By Charlie Greenwald
Emerson College employee Andy Tiedemann, the designated official in charge of relaying closing information to the student body and faculty, is reportedly “cowering in fear” inside of his suburban home due to a large presence of razor-sharp icicles scattered around his house. The technologically savvy and enigmatic Vice President for Communications and Marketing has attributed his newfound fear of winter to these terrifying spikes of ice around his abode just outside of Boston.
“We haven’t eaten in days, but we cannot go outside,” Tiedemann wailed during a phone interview. “My family and I are starting to turn on each other.”
The formation of icicles outside of Tiedemann’s home began last night at approximately 3:00 am. Each one could pierce through a human skull, according to multiple sources.
“We’re going to try and dig a hole through the floorboards tonight, in order to reach the other side of the lawn,” Tiedemann said with a crazed look in his eyes to a Lion’s Tooth reporter.
Emerson College has cancelled school 3 times in the past 6 days – 2 for Winter Storm Juno, the blizzard that hit New England hard, and 1 for Winter Storm Linus, the blizzard that hit last night and crushed Massachusetts yet again with snow.
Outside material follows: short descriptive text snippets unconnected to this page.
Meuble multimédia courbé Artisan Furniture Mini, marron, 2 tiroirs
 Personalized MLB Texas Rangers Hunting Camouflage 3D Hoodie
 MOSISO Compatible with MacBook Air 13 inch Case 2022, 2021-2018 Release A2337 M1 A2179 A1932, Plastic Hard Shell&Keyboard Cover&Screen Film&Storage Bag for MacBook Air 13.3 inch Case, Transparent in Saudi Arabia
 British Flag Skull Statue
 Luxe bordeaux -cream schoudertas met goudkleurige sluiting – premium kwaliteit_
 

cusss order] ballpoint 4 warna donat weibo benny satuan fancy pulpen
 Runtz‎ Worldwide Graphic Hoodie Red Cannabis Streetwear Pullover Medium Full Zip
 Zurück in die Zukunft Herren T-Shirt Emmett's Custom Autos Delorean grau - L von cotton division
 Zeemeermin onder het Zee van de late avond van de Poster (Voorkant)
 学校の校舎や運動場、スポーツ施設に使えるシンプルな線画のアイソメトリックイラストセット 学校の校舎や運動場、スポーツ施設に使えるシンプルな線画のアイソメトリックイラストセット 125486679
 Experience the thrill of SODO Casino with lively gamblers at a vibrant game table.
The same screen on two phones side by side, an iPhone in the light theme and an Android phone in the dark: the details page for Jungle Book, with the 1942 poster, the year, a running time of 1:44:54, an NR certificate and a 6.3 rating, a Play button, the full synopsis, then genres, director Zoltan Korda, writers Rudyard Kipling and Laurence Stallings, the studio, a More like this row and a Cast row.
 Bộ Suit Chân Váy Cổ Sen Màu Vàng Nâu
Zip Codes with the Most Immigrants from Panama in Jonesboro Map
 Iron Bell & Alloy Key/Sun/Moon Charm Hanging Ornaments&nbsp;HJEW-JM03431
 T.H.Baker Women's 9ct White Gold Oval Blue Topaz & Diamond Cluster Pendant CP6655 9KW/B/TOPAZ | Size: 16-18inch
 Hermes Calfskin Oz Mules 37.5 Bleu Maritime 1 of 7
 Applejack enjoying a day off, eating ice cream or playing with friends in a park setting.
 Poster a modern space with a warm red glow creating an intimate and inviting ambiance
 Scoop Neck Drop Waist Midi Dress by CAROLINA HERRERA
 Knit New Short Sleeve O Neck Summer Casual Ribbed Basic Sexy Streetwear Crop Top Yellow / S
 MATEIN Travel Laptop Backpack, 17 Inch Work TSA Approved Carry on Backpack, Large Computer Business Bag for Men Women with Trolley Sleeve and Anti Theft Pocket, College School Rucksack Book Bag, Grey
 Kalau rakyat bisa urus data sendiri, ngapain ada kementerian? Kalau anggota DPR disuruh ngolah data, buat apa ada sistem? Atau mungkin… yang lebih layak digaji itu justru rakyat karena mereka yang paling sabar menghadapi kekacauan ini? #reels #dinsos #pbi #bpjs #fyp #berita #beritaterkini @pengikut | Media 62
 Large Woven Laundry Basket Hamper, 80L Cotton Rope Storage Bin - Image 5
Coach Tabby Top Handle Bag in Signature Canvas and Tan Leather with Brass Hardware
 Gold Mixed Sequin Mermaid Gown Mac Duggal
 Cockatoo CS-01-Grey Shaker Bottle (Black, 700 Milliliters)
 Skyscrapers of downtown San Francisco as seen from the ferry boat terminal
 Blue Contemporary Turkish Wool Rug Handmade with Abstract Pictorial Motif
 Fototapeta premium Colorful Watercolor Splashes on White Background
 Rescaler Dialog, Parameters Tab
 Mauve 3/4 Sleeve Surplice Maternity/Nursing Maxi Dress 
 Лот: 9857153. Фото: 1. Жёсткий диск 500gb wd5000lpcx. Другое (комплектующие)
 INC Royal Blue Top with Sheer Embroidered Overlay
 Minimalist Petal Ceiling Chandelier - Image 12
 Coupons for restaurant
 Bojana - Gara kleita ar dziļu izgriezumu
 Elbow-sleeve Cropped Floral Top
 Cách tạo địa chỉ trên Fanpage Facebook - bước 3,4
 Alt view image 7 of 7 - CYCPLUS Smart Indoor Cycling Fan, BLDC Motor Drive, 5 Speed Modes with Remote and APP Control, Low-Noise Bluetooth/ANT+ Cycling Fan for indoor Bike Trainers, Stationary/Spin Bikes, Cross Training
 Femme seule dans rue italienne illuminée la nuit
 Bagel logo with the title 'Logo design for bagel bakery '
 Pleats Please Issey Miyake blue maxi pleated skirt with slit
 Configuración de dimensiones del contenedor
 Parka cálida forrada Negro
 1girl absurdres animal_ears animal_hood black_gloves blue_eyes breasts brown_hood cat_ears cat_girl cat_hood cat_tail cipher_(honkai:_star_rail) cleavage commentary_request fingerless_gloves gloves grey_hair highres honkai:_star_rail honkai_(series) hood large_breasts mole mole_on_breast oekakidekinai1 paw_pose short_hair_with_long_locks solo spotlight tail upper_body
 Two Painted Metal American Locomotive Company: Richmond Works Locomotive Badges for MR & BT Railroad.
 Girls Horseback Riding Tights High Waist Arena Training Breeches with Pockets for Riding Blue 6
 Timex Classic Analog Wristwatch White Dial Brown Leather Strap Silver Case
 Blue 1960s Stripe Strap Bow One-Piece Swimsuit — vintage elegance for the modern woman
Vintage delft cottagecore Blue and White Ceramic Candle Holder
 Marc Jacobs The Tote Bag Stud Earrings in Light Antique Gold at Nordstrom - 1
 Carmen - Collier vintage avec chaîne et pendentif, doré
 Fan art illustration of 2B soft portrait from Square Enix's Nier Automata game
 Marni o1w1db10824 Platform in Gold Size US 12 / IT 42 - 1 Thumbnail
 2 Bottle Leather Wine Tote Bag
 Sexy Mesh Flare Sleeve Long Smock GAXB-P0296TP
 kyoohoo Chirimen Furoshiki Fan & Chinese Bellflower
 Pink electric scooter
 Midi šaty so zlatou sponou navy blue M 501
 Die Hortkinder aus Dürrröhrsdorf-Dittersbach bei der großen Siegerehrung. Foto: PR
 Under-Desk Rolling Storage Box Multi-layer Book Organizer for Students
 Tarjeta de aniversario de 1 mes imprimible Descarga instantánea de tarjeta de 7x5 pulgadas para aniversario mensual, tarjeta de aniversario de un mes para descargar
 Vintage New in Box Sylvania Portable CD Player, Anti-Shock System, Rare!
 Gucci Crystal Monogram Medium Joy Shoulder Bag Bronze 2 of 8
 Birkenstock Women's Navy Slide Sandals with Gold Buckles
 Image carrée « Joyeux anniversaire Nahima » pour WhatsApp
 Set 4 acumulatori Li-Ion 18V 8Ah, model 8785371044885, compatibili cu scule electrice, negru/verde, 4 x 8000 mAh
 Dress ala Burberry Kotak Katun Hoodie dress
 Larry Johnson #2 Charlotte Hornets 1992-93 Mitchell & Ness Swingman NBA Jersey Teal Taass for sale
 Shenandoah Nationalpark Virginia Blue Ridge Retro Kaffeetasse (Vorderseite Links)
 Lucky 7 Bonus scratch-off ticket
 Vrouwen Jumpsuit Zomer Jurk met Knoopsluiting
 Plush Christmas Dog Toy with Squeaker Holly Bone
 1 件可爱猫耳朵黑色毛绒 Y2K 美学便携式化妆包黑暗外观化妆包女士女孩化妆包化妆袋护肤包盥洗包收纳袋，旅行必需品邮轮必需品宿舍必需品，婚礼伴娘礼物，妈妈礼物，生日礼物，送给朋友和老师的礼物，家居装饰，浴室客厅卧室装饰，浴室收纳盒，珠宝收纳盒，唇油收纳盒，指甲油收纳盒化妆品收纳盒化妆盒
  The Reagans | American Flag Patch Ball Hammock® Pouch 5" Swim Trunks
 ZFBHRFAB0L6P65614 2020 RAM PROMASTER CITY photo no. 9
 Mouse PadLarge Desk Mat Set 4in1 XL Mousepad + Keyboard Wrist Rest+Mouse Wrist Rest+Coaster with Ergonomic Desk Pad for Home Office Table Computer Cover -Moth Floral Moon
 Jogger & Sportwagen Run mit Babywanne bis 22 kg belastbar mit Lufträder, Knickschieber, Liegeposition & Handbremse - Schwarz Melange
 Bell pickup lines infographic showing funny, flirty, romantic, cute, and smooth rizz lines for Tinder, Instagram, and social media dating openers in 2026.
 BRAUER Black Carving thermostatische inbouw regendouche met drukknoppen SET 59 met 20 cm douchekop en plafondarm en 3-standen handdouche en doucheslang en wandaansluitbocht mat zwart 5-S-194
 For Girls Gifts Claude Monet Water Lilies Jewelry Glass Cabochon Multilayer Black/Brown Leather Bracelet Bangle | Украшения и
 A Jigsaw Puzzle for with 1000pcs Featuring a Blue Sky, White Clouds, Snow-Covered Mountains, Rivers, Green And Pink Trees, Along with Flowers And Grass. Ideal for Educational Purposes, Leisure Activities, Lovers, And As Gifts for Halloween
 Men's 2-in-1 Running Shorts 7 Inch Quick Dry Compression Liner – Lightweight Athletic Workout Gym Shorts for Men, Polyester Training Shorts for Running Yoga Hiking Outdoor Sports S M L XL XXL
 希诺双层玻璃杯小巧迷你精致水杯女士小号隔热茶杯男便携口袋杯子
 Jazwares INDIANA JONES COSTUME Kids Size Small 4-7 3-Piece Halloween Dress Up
While make up days have been arranged for last week’s snow days, no word has been given yet on how today’s classes will be made up.
“I’m starting to think we need to just cancel classes until March, especially since kids here just care about extracurriculars,” moaned Tiedemann.
At press time, Emerson students were all really sick of the snow days and frustrated about the possibility of more school being cancelled due to the Super Bowl parade for the New England Patriots.